What shall I do with all my books?’ was the question; and the answer, ‘Read them,’ sobered the questioner. But if you cannot read them, at any rate handle them and, as it were, fondle them. Peer into them. Let them fall open where they will. Read on from the first sentence that arrests the eye. Then turn to another. Make a voyage of discovery, taking soundings of uncharted seas. Set them back on their shelves with your own hands. Arrange them on your own plan, so that if you do not know what is in them, you at least know where they are. If they cannot be your friends, let them at any rate be your acquaintances. If they cannot enter the circle of your life, do not deny them at least a nod of recognition.
Reading in another language:
One may imagine that a man who blew the trumpet for his living would be glad to play the violin for his amusement. So it is with reading in another language.
Painting and art as diversion:
To restore psychic equilibrium we should call into use those parts of the mind which direct both the eye and hand. Many men have found great advantage in practicing a handicraft for pleasure. Joinery, chemistry, book-binding, even brick-laying – if one were interested in them and skillful at them – would give a real relief to the over-tired brain. But, best of all and easiest to procure are sketching and painting in all their forms.
Happy are the painters, for they shall not be lonely. Light and colour, peace and hope, will keep them company to the end, or almost to the end, of the day.
Buy a paint-box and have a try… it would be a sad pity to shuffle or scramble along thorough one’s playtime with golf and bridge, pottering, loitering, shifting from one heel to the other, wondering what on earth to do – as perhaps is the fate of some unhappy beings — when all the while, if you only knew, there is close at hand a wonderful new world of thought and craft, a sunlit garden gleaming with light and colour of which you have the key in your waistcoat pocket.

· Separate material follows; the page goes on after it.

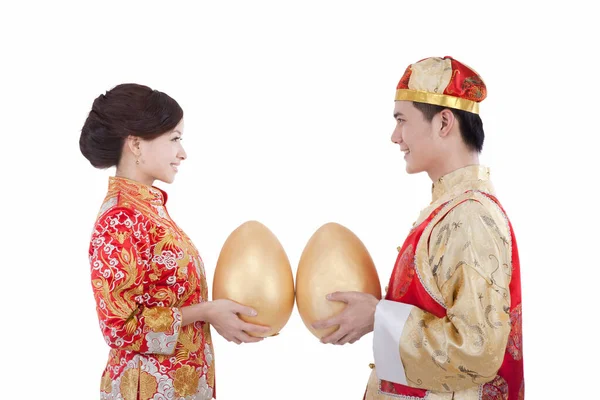 Retrato de pareja joven en trajes Tang sosteniendo a Jin Dans — Foto de Stock
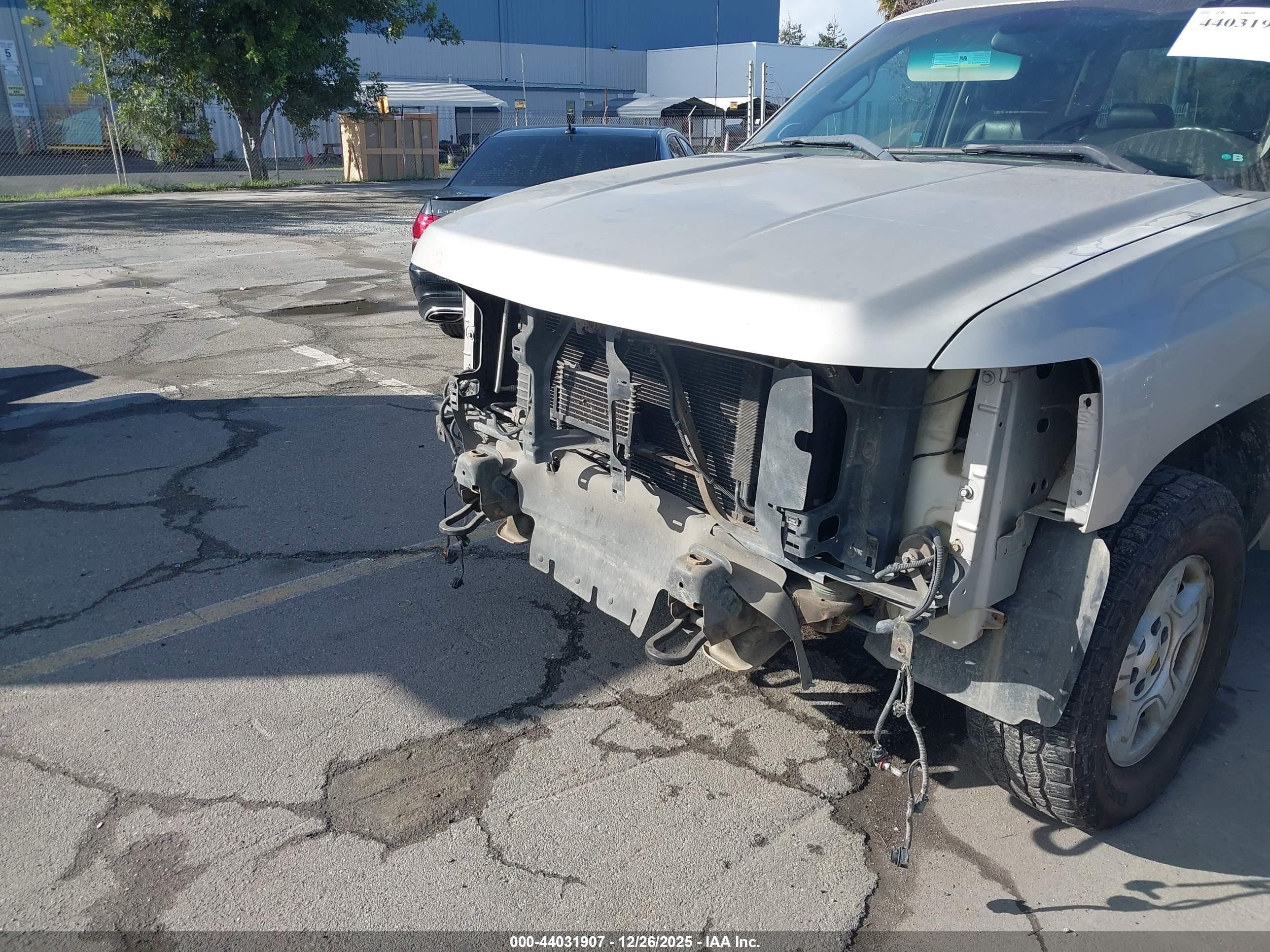 CHEVROLET SILVERADO image 6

After all, if you fail, there is not much harm done. The nursery will grab what the studio has rejected. And then you can always go out and kill some animal, humiliate some rival on the links, or despoil some friend across the green table. You will not be worse off in any way.
When I have had to stand up on parade, or even, I regret to say, in church, for half an hour at a time, I have always felt that the erect position is not natural to man, has only been painfully acquired, and is only with fatigue and difficulty maintained. But no one who is fond of painting finds the slightest inconvenience, as long as the interest holds, in standing to painting for three or four hours at a stretch.
On painting:
Splash into the turpentine, wallop into the blue and the white, frantic flourish on the palette – clean no longer—and then several large, fierce strokes and slashes of blue on the absolutely cowering canvas. Anyone could see that it could no hit back. No evil fate avenged the jaunty violence. The canvas grinned in helplessness before me. The spell was broken. The sickly inhibitions rolled away. I seized the largest brush and fell upon my victim with Berserk fury. I have never felt any awe of a canvas since.
When I get to heaven I mean to spend a considerable portion of my first million years in painting, and so get to the bottom of the subject. But then I shall require a still gayer palette that I get here below. I expect orange and vermilion will be the darkest, dullest colours upon it, and beyond them there will be a whole range of wonderful new colours which will delight the celestial eye.